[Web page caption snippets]
▼

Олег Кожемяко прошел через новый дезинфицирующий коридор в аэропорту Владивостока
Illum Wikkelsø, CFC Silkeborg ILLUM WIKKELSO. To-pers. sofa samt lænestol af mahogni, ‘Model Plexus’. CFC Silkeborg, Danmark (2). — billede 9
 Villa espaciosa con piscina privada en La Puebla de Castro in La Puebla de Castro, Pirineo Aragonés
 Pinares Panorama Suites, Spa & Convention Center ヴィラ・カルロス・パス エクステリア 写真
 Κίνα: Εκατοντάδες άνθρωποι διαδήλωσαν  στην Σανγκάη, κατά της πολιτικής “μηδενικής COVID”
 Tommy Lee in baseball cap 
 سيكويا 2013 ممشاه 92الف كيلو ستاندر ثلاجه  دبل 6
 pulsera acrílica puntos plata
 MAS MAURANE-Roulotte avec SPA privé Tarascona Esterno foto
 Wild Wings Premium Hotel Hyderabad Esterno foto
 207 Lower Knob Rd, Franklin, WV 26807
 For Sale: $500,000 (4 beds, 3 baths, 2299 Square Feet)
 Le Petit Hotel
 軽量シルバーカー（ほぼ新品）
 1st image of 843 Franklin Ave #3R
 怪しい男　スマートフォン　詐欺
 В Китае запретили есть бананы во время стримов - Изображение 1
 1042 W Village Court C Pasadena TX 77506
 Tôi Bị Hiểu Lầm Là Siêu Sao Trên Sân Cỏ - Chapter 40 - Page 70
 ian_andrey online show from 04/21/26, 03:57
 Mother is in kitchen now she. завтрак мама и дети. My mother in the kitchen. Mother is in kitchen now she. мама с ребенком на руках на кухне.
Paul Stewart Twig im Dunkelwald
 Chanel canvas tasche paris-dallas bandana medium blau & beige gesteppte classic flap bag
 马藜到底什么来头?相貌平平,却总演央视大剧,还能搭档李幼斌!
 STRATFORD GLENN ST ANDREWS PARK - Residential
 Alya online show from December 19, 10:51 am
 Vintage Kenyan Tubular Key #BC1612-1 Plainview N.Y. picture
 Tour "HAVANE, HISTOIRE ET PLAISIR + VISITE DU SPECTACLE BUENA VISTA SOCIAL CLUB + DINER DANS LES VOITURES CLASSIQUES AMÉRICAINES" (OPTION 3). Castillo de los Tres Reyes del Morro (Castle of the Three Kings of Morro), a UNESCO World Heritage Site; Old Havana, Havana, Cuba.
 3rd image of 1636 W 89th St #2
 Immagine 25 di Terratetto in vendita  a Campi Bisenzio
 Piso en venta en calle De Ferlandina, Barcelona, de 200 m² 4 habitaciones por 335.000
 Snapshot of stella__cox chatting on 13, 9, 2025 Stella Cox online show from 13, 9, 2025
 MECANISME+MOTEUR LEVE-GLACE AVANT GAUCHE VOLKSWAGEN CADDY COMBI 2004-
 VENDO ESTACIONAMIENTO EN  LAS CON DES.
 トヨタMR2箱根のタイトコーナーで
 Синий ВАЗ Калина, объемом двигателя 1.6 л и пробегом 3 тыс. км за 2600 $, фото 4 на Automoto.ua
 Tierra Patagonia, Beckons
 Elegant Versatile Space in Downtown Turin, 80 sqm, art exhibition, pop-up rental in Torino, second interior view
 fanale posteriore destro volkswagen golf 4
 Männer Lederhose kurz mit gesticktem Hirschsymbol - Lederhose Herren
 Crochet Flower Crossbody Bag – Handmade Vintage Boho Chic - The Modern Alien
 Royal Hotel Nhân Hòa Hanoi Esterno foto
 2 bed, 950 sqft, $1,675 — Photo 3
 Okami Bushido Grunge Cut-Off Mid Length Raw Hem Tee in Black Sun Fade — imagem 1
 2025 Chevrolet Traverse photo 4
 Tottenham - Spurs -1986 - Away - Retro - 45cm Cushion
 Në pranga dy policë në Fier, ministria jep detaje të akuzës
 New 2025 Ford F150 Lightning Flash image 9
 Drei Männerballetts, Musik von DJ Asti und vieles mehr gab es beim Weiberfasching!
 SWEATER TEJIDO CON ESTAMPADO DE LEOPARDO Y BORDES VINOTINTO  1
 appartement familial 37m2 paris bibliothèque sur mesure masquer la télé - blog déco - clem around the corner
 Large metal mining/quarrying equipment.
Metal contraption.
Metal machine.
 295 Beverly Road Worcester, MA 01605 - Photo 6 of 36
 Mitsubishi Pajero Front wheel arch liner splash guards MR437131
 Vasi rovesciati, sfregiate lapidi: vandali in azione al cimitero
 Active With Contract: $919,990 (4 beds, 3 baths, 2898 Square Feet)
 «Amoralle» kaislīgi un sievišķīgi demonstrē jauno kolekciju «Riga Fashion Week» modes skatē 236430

▲

AIM OF THE TASK:
From the entries, report each line that includes the word "foto".

EXERCISE ANSWER:
 MAS MAURANE-Roulotte avec SPA privé Tarascona Esterno foto
 Wild Wings Premium Hotel Hyderabad Esterno foto
 Royal Hotel Nhân Hòa Hanoi Esterno foto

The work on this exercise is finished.